Since the pictures are not wanted, reproduce only the rest of the records, exactly as given.
........
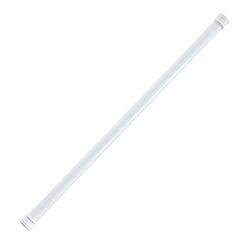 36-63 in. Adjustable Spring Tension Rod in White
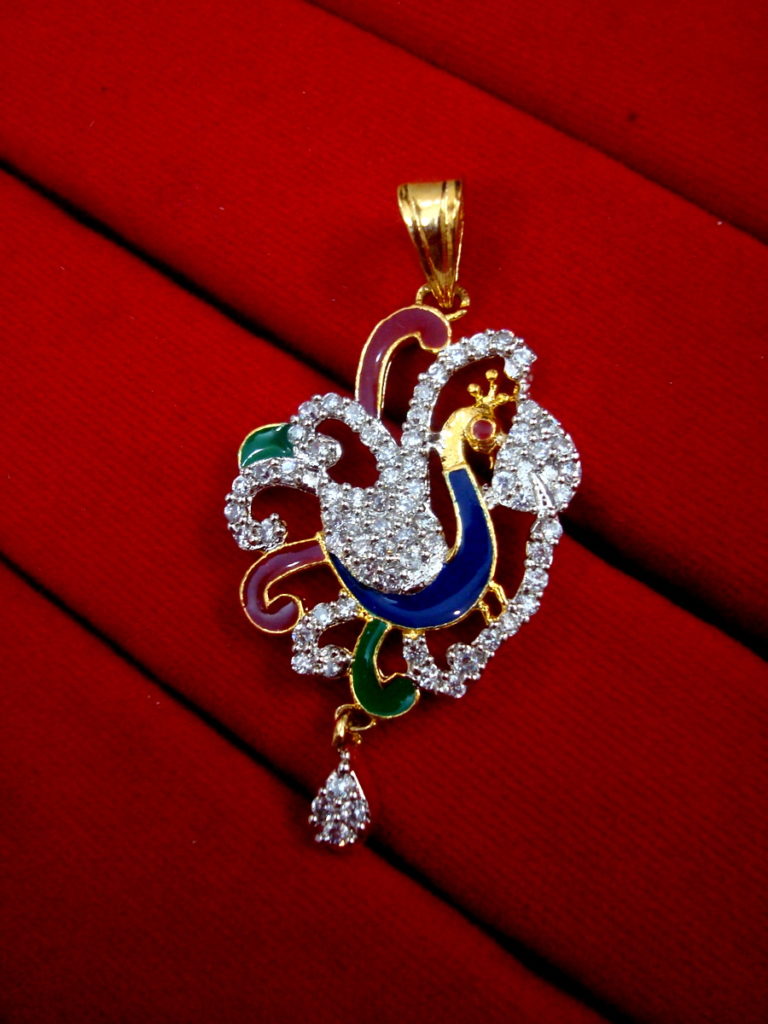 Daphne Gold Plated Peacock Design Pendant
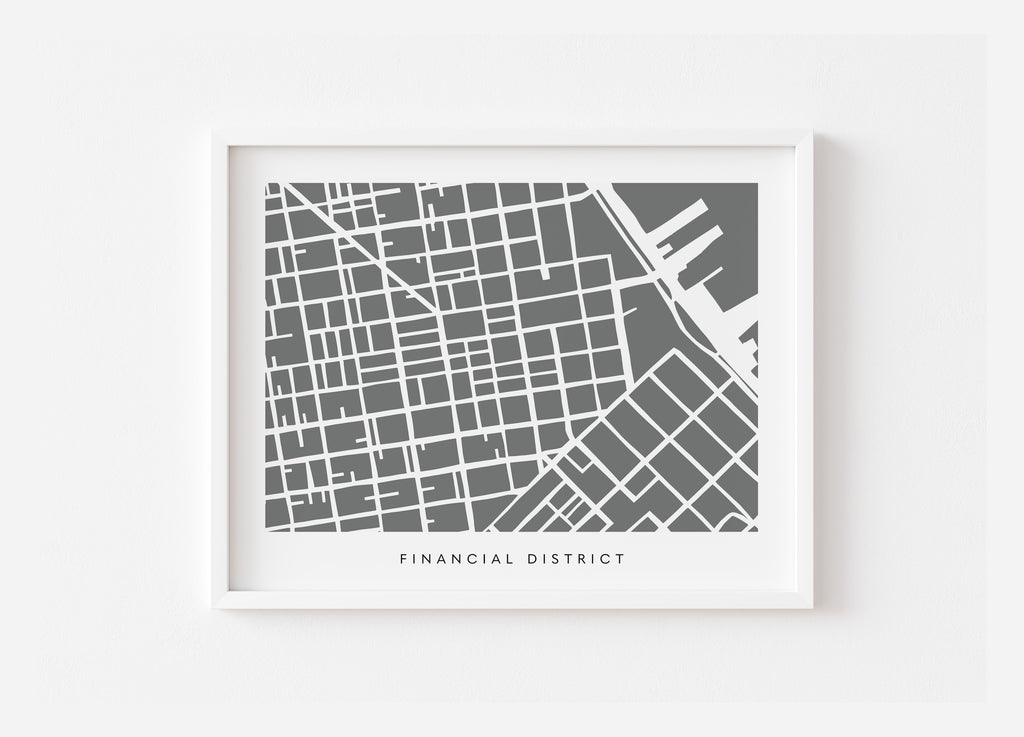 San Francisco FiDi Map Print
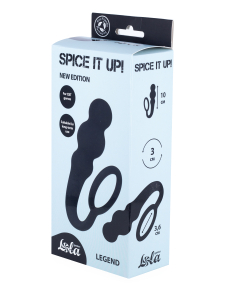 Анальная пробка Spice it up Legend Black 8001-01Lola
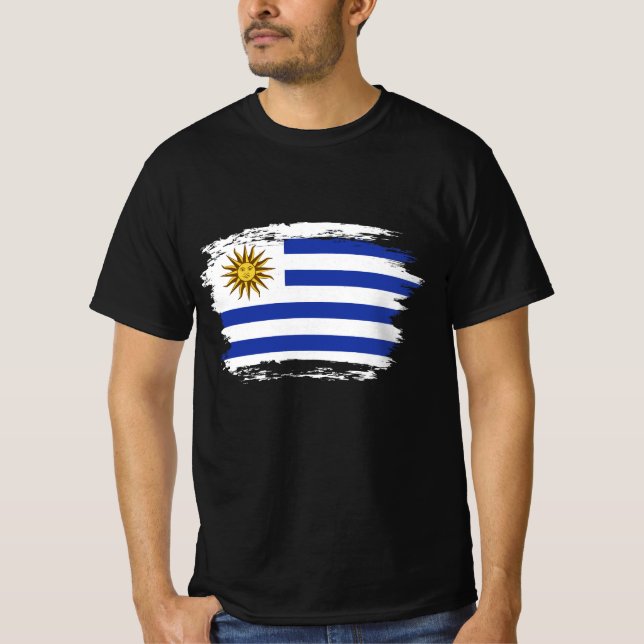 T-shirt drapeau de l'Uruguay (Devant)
........
Exercise solution:
 36-63 in. Adjustable Spring Tension Rod in White
 Daphne Gold Plated Peacock Design Pendant
 San Francisco FiDi Map Print
 Анальная пробка Spice it up Legend Black 8001-01Lola
 T-shirt drapeau de l'Uruguay (Devant)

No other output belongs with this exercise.